[Captioned web images]
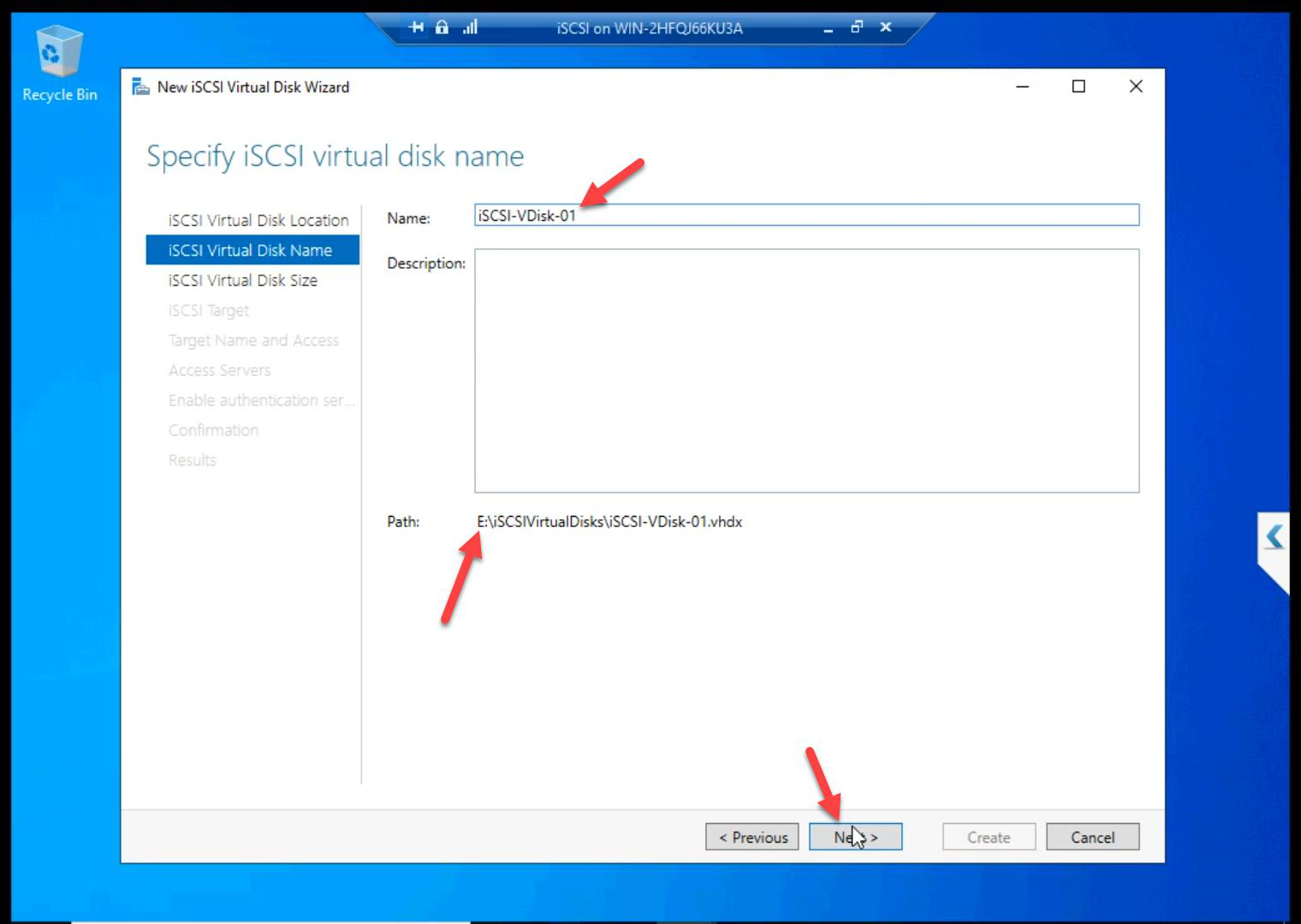 Wizard naming the Data LUN with a descriptive name like ClusterData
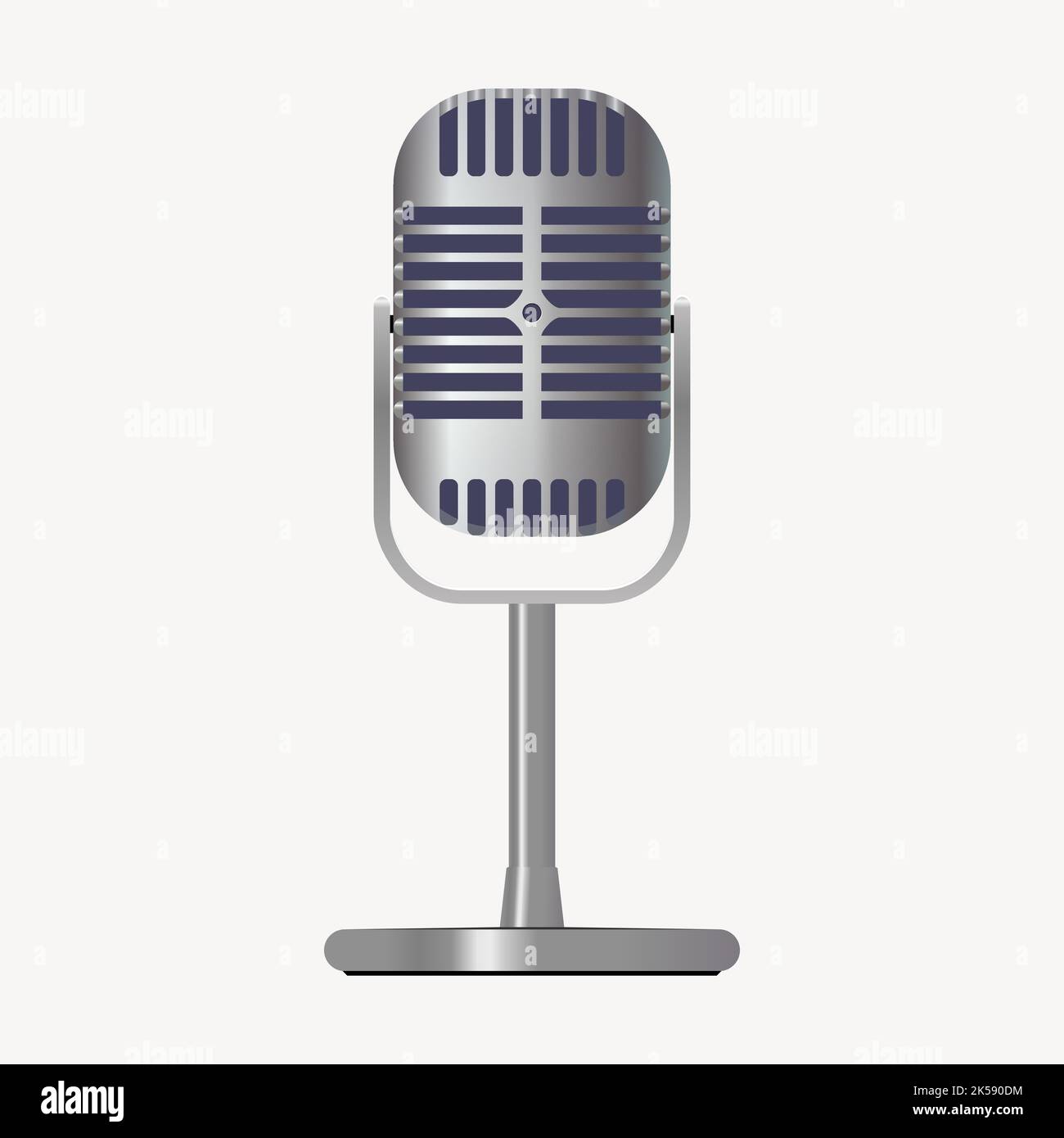 Vintage microphone clipart, music illustration vector Stock Vector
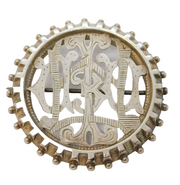 Victorian Sterling Silver Monogram Initials Sweetheart Brooch Antique c1880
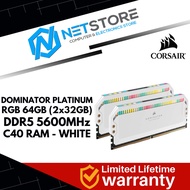 CORSAIR DOMINATOR PLATINUM RGB 64GB (2x32GB) DDR5 5600MHz C40 RAM-WHITE - CMT64GX5M2B5600C40W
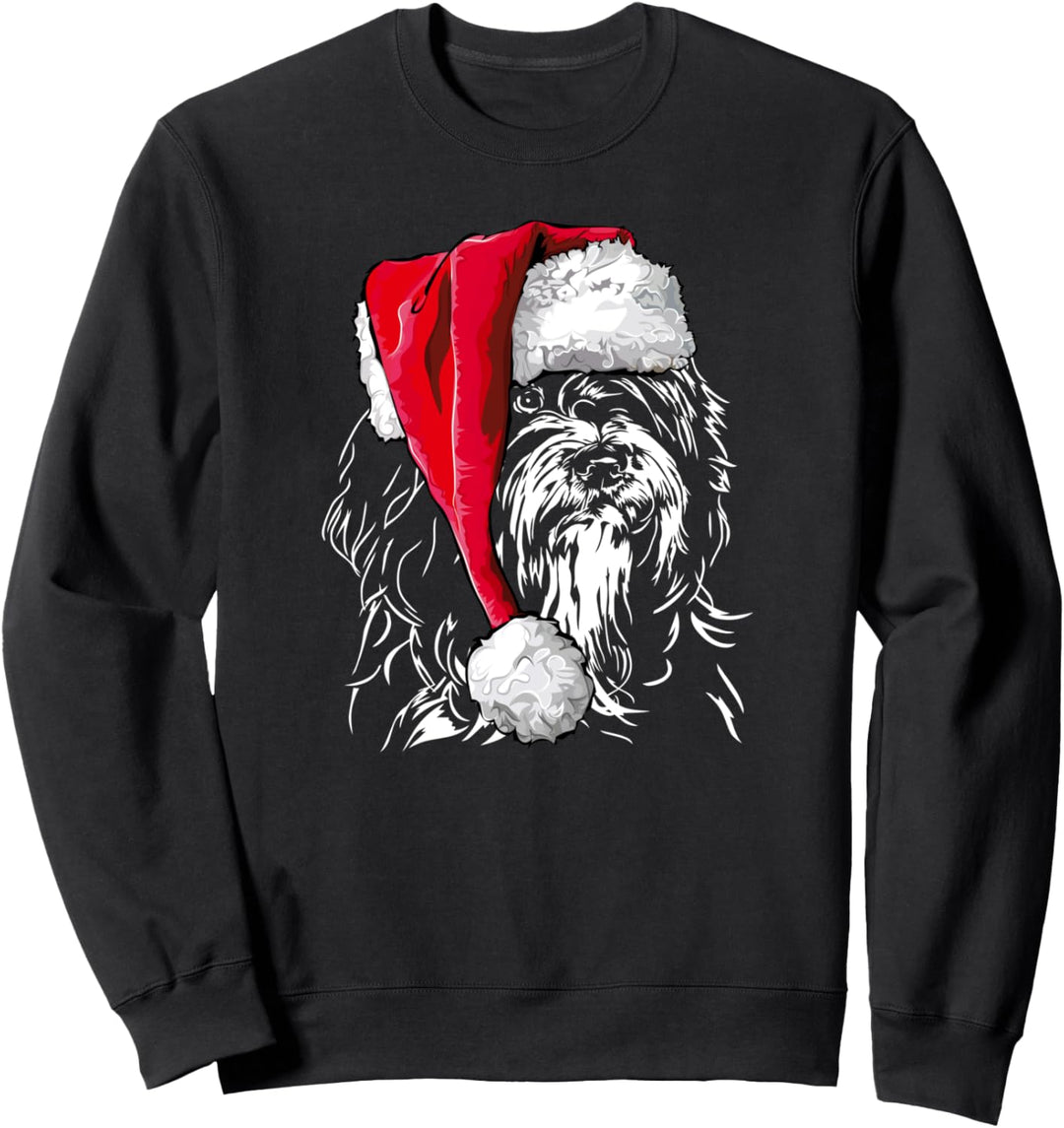 Lustiger Tibet Terrier Weihnachtsmann Weihnachten Hunde Sweatshirt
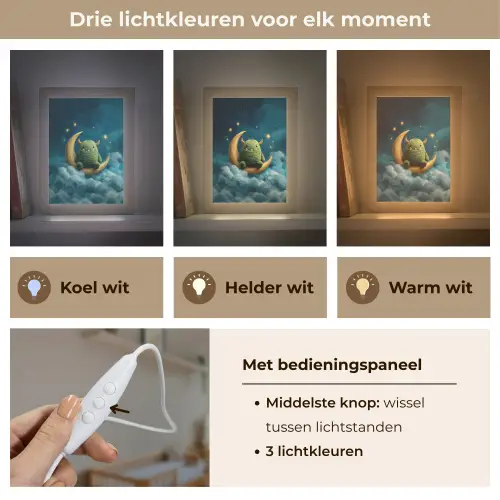 Monster - Groen - Maan - Wolken Light Box met kabel klein -USP_lichtkleurNL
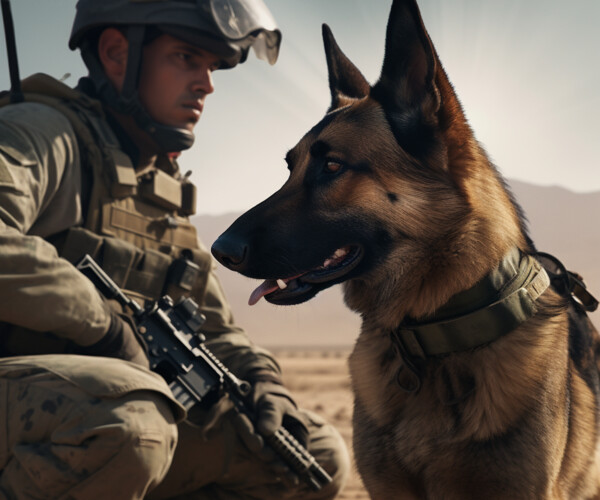 ArtStation - Protecting the Front Lines: The German Shepherd Military ...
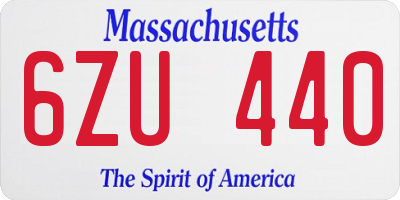MA license plate 6ZU440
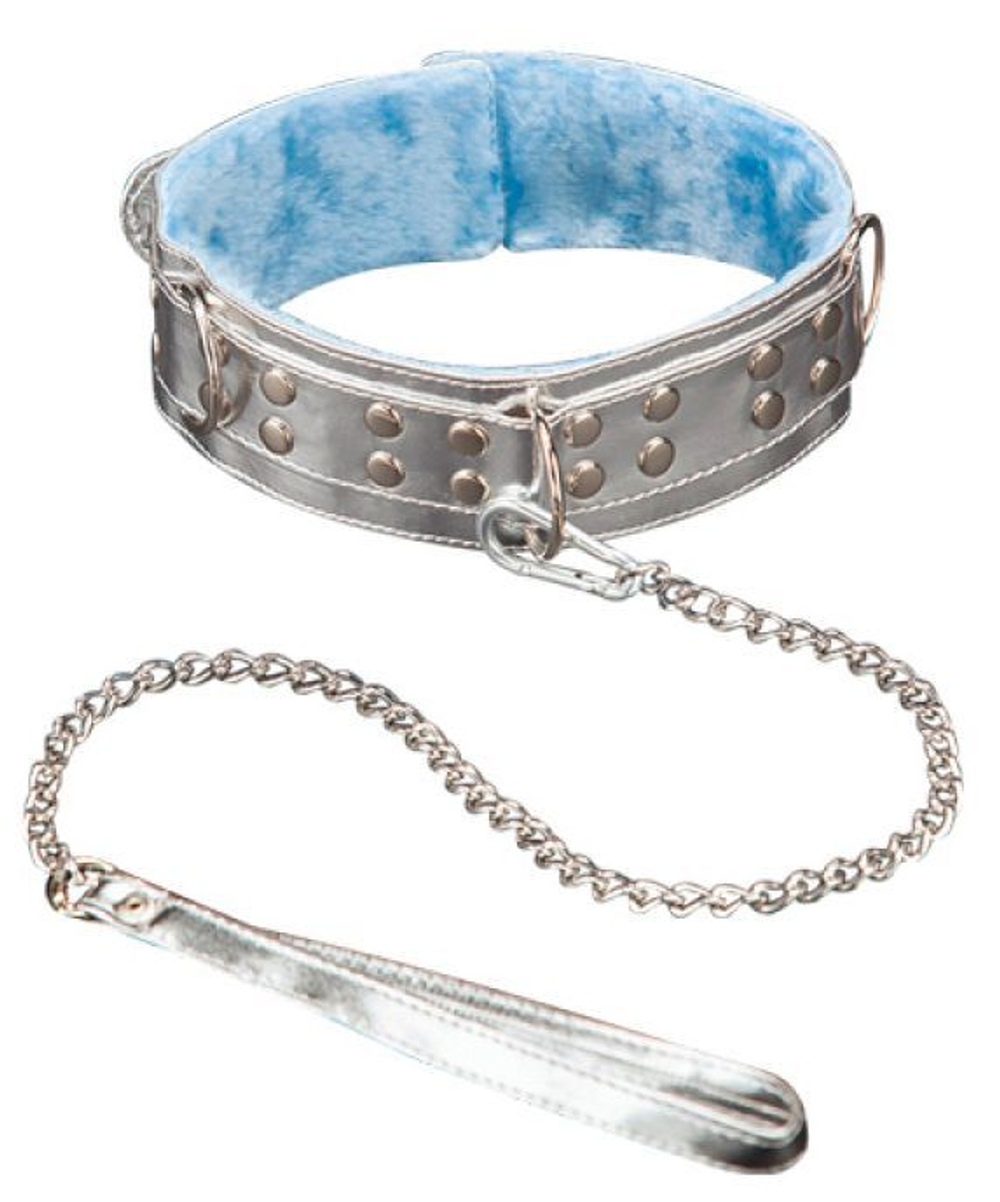 Серебристый ошейник из искусственной кожи (Цвет: серебро)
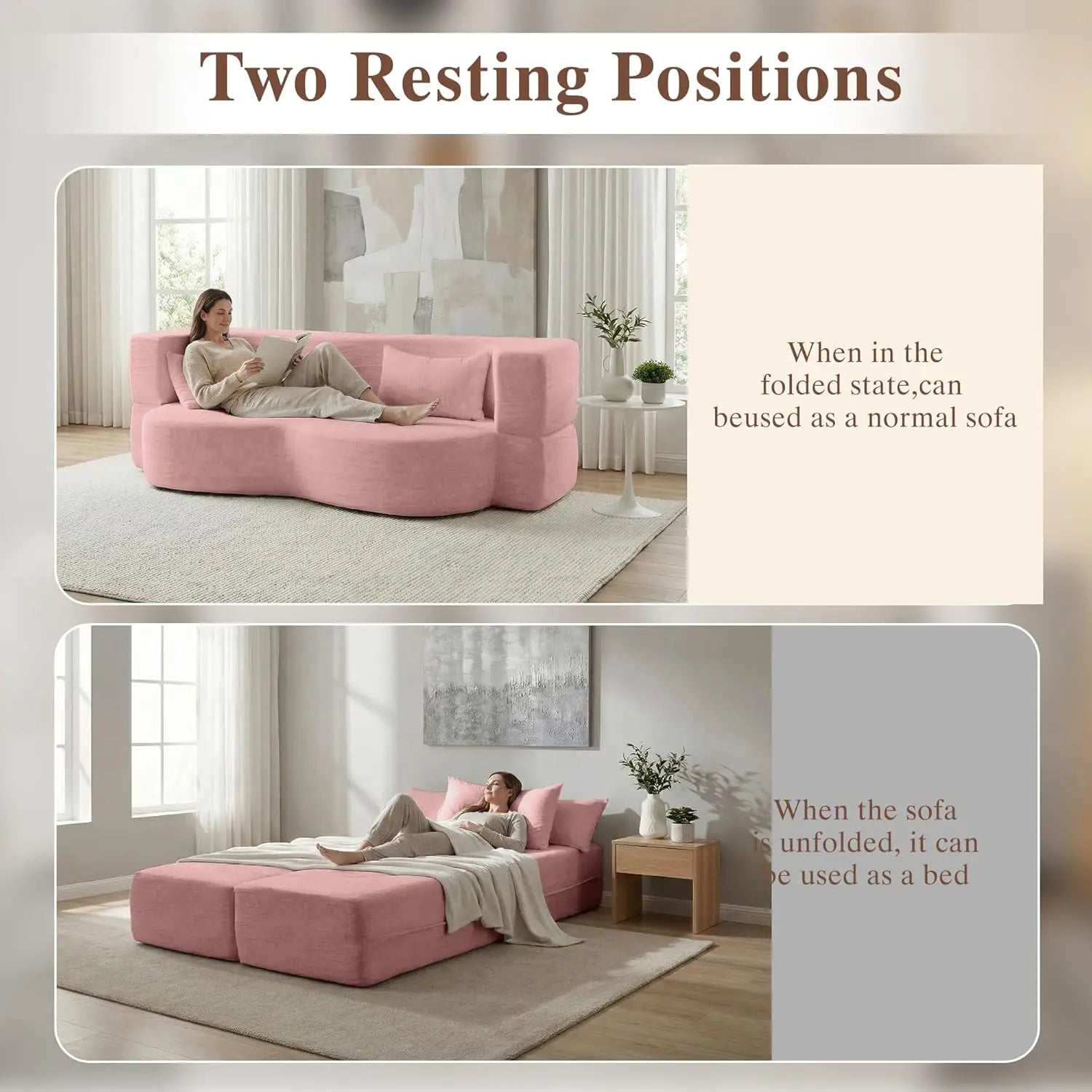 Queen Convertible Sofa Bed 2-in-1 Teddy Fabric Folding Floor Couch Mattress Living Room Guest Room No Assembly Pink, Customized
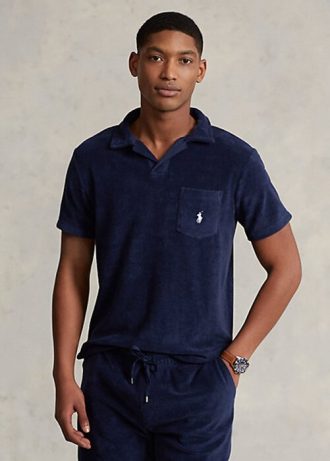 Navy Men’s Ralph Lauren Custom Slim Fit Terry Polo Shirts Navy Men’s Ralph Lauren Custom Slim Fit Terry Polo Shirts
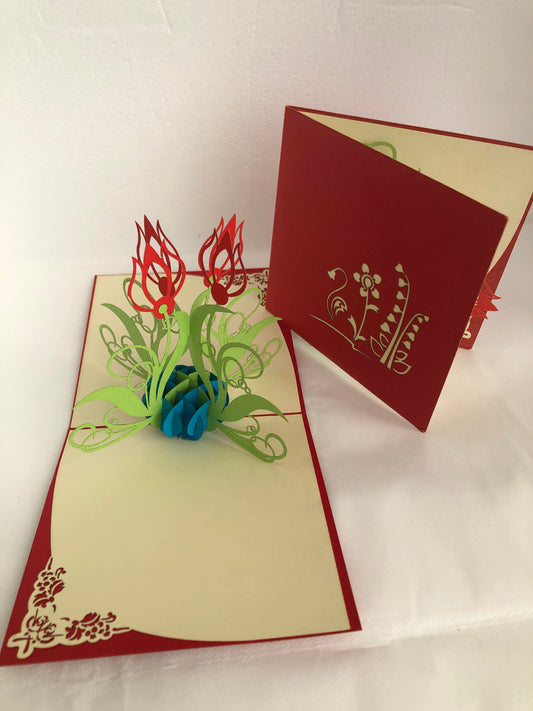 Small Flower Pop Up Card Tulip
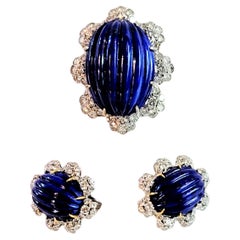 Bague et boucles d'oreilles uniques en or en lapis-lazuli et diamants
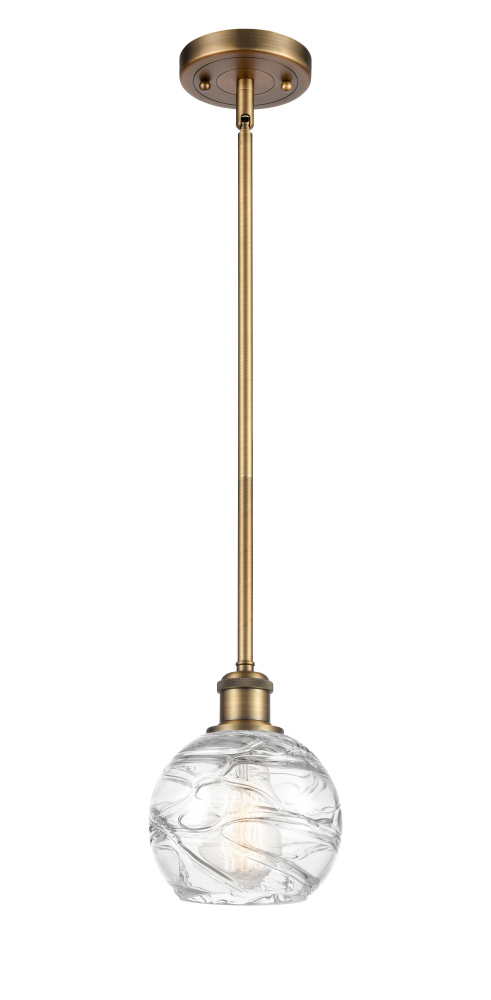 Athens Deco Swirl - 1 Light - 6 inch - Brushed Brass - Stem hung - Mini Pendant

▶ **Task to carry out**
No pictures belong in the answer. It must repeat exactly the lines from the line with "CORSAIR DOMINATOR PLATINUM" through the final line of the records.

▶ **Solution to the problem**
 CORSAIR DOMINATOR PLATINUM RGB 64GB (2x32GB) DDR5 5600MHz C40 RAM-WHITE - CMT64GX5M2B5600C40W
 Lustiger Tibet Terrier Weihnachtsmann Weihnachten Hunde Sweatshirt
 Monster - Groen - Maan - Wolken Light Box met kabel klein -USP_lichtkleurNL
 ArtStation - Protecting the Front Lines: The German Shepherd Military ...
MA license plate 6ZU440
 Серебристый ошейник из искусственной кожи (Цвет: серебро)
 Queen Convertible Sofa Bed 2-in-1 Teddy Fabric Folding Floor Couch Mattress Living Room Guest Room No Assembly Pink, Customized
 Navy Men’s Ralph Lauren Custom Slim Fit Terry Polo Shirts Navy Men’s Ralph Lauren Custom Slim Fit Terry Polo Shirts
 Small Flower Pop Up Card Tulip
 Bague et boucles d'oreilles uniques en or en lapis-lazuli et diamants
 Athens Deco Swirl - 1 Light - 6 inch - Brushed Brass - Stem hung - Mini Pendant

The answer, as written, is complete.